→ REQUIRED WORK: Shown below are entries with pictures; the line with "the Hotel Aroma" through the line with "wszystkim chodzi? Waty" is the span to retype exactly, and the pictures stay out.

→ DATA FOR ANALYSIS:
..........
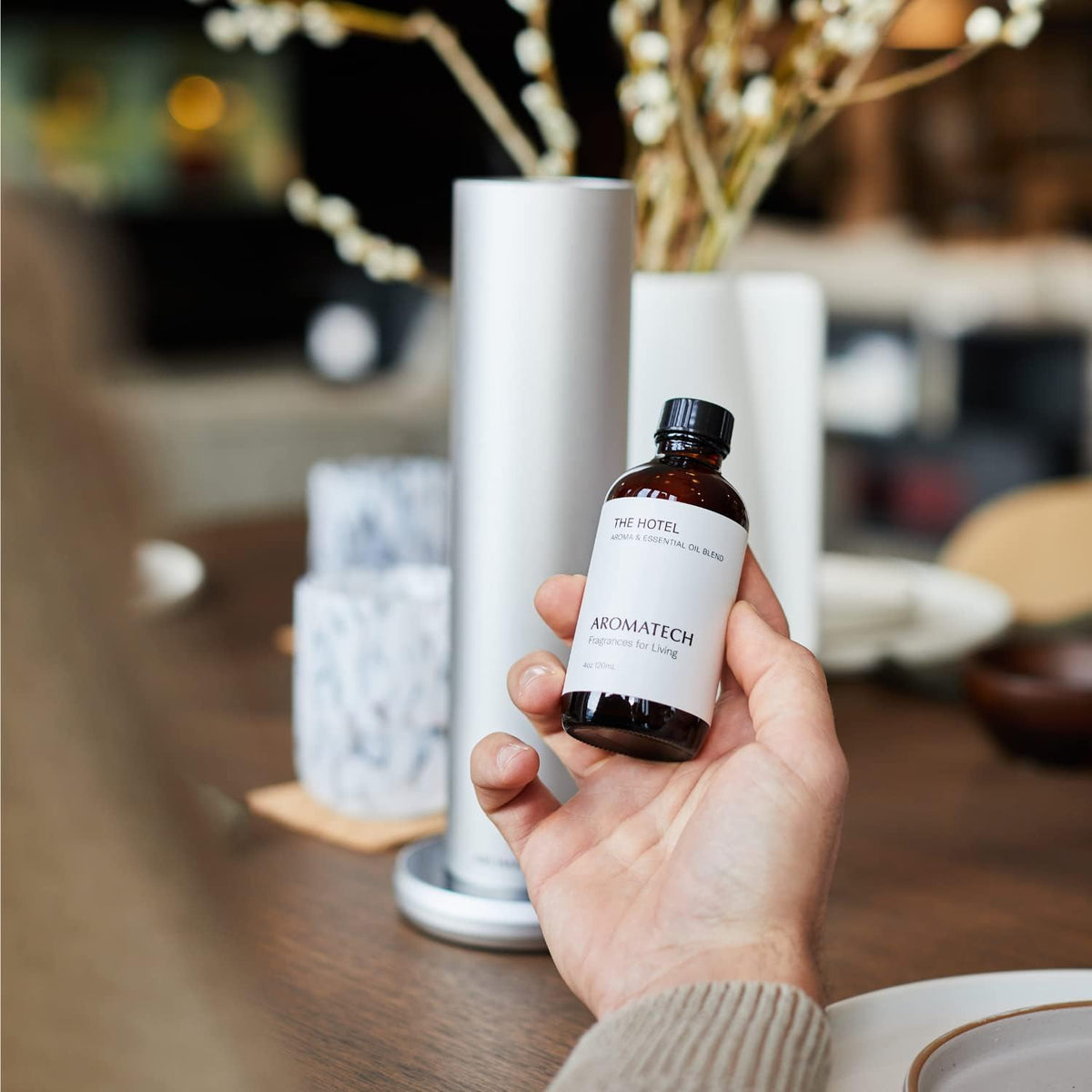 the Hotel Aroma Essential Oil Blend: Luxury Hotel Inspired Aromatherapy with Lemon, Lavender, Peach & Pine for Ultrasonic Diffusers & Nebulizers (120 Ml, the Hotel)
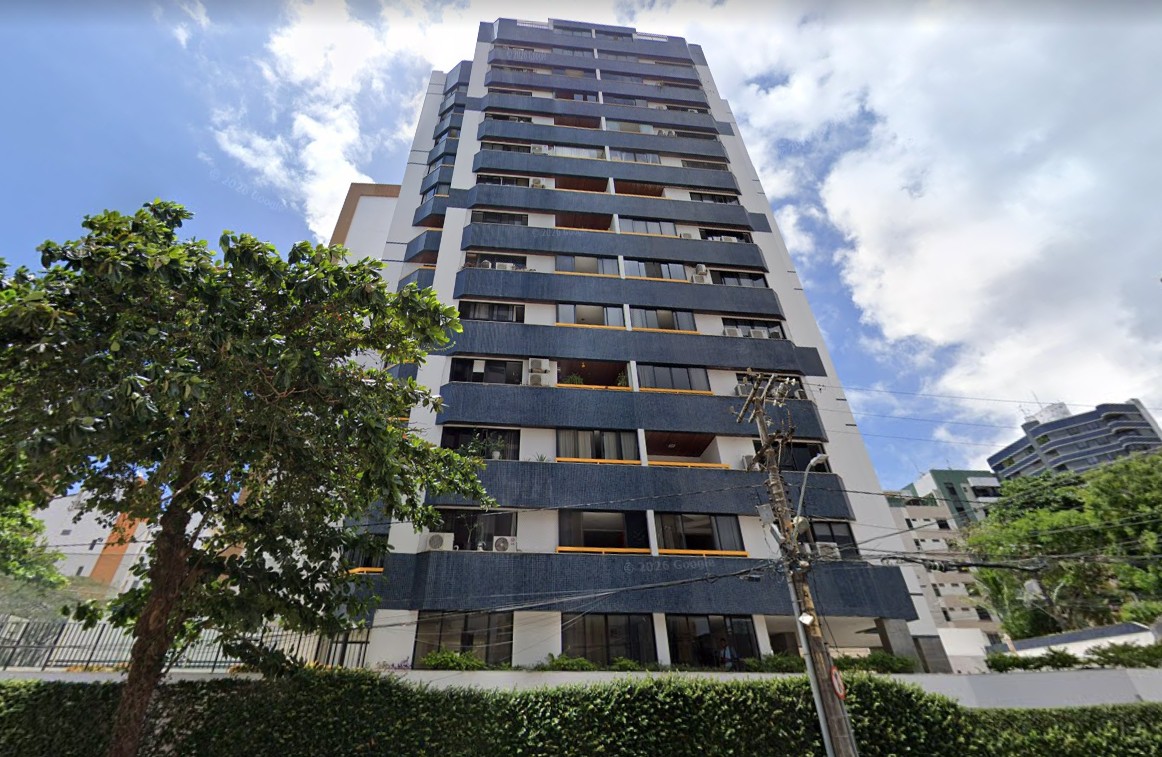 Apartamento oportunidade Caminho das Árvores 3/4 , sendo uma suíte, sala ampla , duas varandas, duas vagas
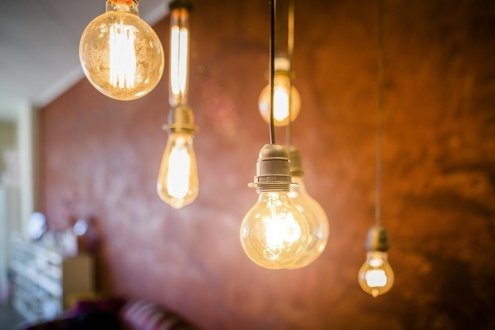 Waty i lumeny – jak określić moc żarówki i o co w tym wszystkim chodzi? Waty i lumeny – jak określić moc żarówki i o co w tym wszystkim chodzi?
..........
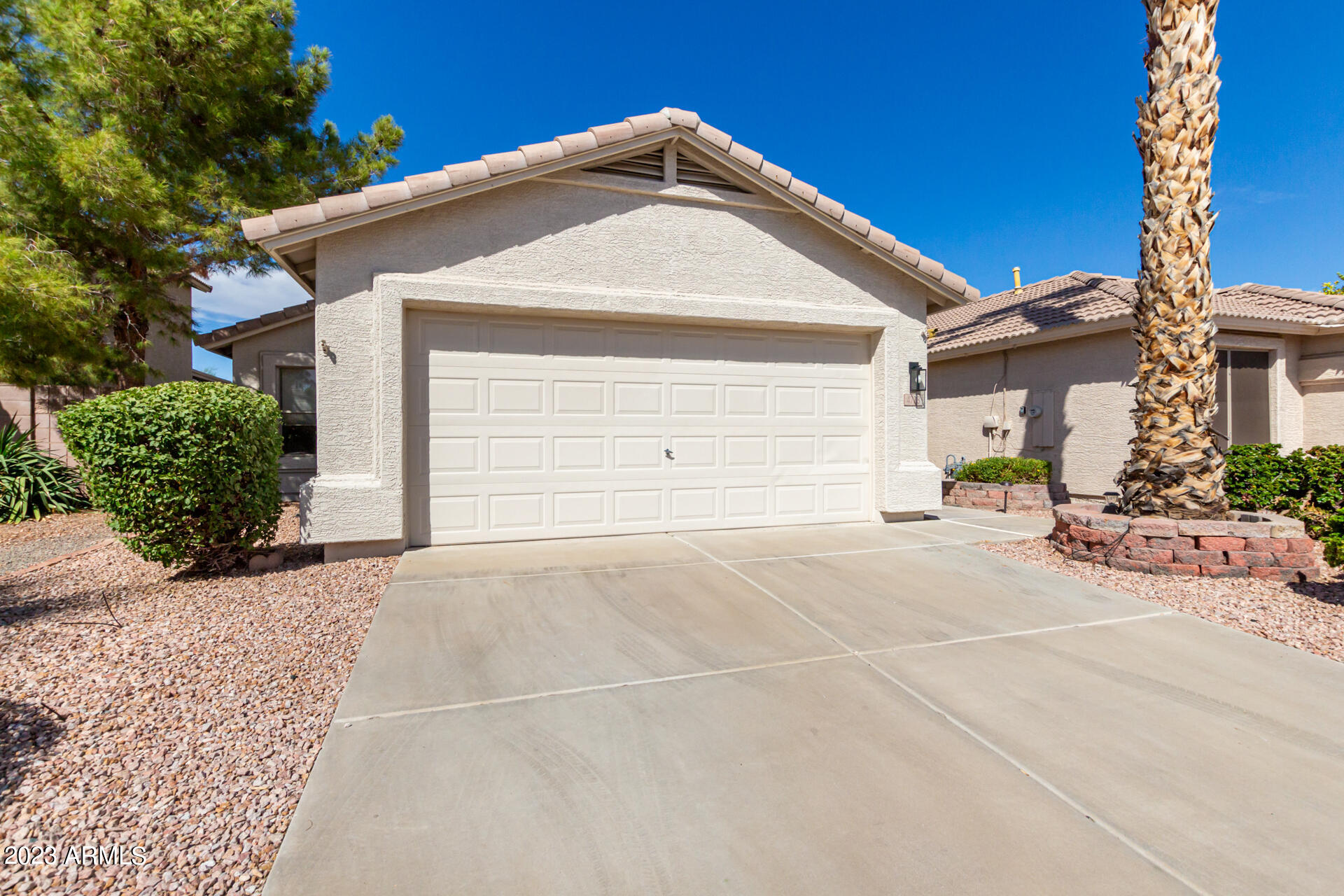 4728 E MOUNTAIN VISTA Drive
..........
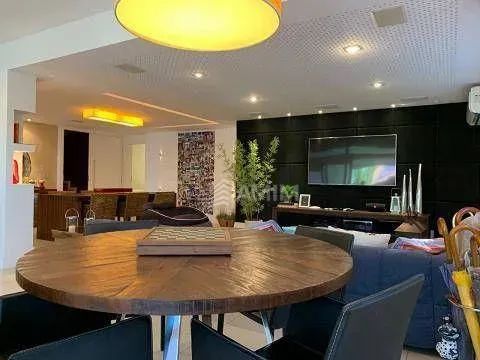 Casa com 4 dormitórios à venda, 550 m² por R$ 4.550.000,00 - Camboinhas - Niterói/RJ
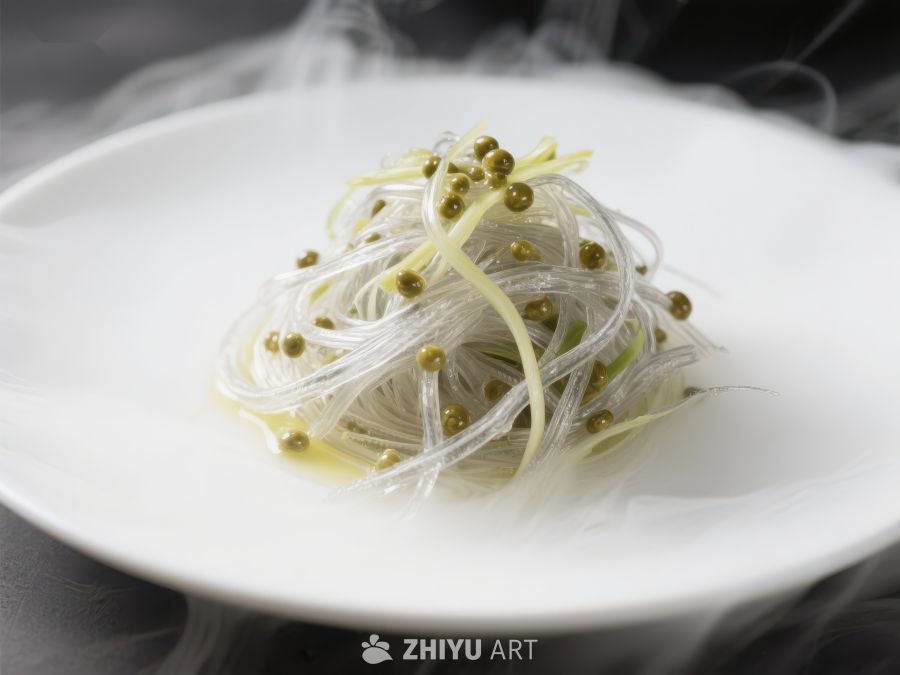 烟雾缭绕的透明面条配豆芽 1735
..........
→ SOLUTION FOR THIS EXERCISE:
 the Hotel Aroma Essential Oil Blend: Luxury Hotel Inspired Aromatherapy with Lemon, Lavender, Peach & Pine for Ultrasonic Diffusers & Nebulizers (120 Ml, the Hotel)
 Apartamento oportunidade Caminho das Árvores 3/4 , sendo uma suíte, sala ampla , duas varandas, duas vagas
 Waty i lumeny – jak określić moc żarówki i o co w tym wszystkim chodzi? Waty i lumeny – jak określić moc żarówki i o co w tym wszystkim chodzi?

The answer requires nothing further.